The Backseat Lovers first appear like a cozy little rock outfit: a bit shaggy, a little loose, but playing to a packed house for their 9:30 Club show on Monday night. The Provo, Utah-based band displayed major ambitious musical moments, too.
Standing in front of art deco-stained glass windows, the band — made up of Josh Harmon (lead vocals/guitar), Jonas Swanson (lead guitar/vocals), Ethan Christensen (bass) and Juice Welch (drums) — began with beachy vibes before wailing guitars and pounding drums kicked in, finally smoothing back out into a dreamscape again.
The band is currently on their North American tour, with shows in Georgia, Florida, California, Oregon and Washington remaining. In May, the band will head abroad for a slew of performances in the U.K. and Europe, before circling back to jam at Bonnaroo Festival in Tennessee.

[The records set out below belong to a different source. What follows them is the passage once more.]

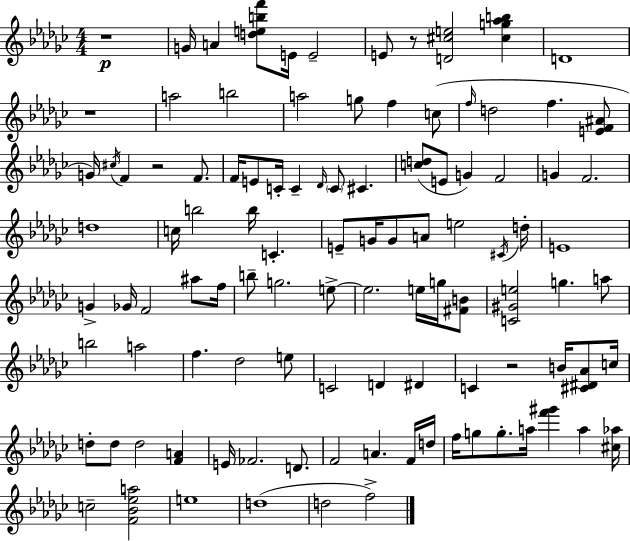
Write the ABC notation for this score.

X:1
T:Untitled
M:4/4
L:1/4
K:Ebm
z4 G/4 A [debf']/2 E/4 E2 E/2 z/2 [D^ce]2 [^cg_ab] D4 z4 a2 b2 a2 g/2 f c/2 f/4 d2 f [EF^A]/2 G/4 ^c/4 F z2 F/2 F/4 E/2 C/4 C _D/4 C/2 ^C [cd]/2 E/2 G F2 G F2 d4 c/4 b2 b/4 C E/2 G/4 G/2 A/2 e2 ^C/4 d/4 E4 G _G/4 F2 ^a/2 f/4 b/2 g2 e/2 e2 e/4 g/4 [^FB]/2 [C^Ge]2 g a/2 b2 a2 f _d2 e/2 C2 D ^D C z2 B/4 [^C^D_A]/2 c/4 d/2 d/2 d2 [FA] E/4 _F2 D/2 F2 A F/4 d/4 f/4 g/2 g/2 a/4 [f'^g'] a [^c_a]/4 c2 [F_B_ea]2 e4 d4 d2 f2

This intro jam demonstrates how each of their indie-rock songs are actually complexly orchestrated with multiple movements across genres and styles. You get your bang for your buck in each four minute song.

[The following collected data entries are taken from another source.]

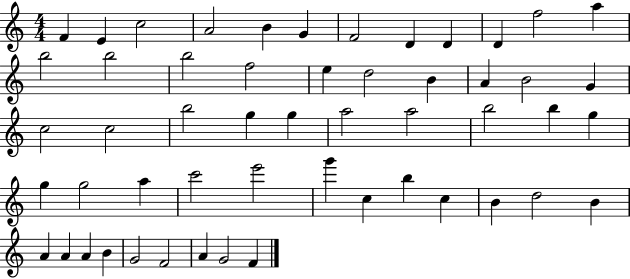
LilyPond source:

{
  \clef treble
  \numericTimeSignature
  \time 4/4
  \key c \major
  f'4 e'4 c''2 | a'2 b'4 g'4 | f'2 d'4 d'4 | d'4 f''2 a''4 | \break b''2 b''2 | b''2 f''2 | e''4 d''2 b'4 | a'4 b'2 g'4 | \break c''2 c''2 | b''2 g''4 g''4 | a''2 a''2 | b''2 b''4 g''4 | \break g''4 g''2 a''4 | c'''2 e'''2 | g'''4 c''4 b''4 c''4 | b'4 d''2 b'4 | \break a'4 a'4 a'4 b'4 | g'2 f'2 | a'4 g'2 f'4 | \bar "|."
}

The set was heavy with songs from their debut album “When We Were Friends” (2019).
“Kilby Girl” is one of those familiar indie-pop songs about falling in love with a Manic Pixie Dream Girl complete with a nose ring and world-weary point of view. Yeah, we’ve heard it a million times before, but it’s still a bop with an extended jam session for the last two minutes of the song. And “Maple Syrup” is a break-up song (the narrator is the heartbreaker here) with “cool scars” and a stolen purple sweater still smelling like the ex. “Pool House” gets a bit bluesy, while “Pictures,” from their EP “Elevator Days” slowly builds into a confessional over stomping drums. It’s all bildungsroman alt-rock, the joys and angst of young manhood.
The Backseat Lovers were barely legal themselves when they recorded their debut two years ago. Despite their fuzzy, beachy sounds, they are an ambitious bunch and are currently recording their follow-up album.
Halfway through their set, the enthusiastic audience shouted out for the rocker “Davy Crochet,” singing along as they did for the duration of the concert. “Out of Tune” evolved into a scorcher. They played the unreleased “Growing/Dying,” and for the thrashing encore after a baker’s dozen of song and some rock n’ roll theatrics, they returned to the stage for the heavy closer “Sinking Ship.”
With their energy, strong fan base and complex arrangements, the next album is one to keep an eye out for.
The opening band Over Under from Salt Lake City — another band of young, long-haired Utahans, played a solid set of moody, dreamy indie-rock that spiraled into loose-limbed drumming, skunky bass and psychedelic settings.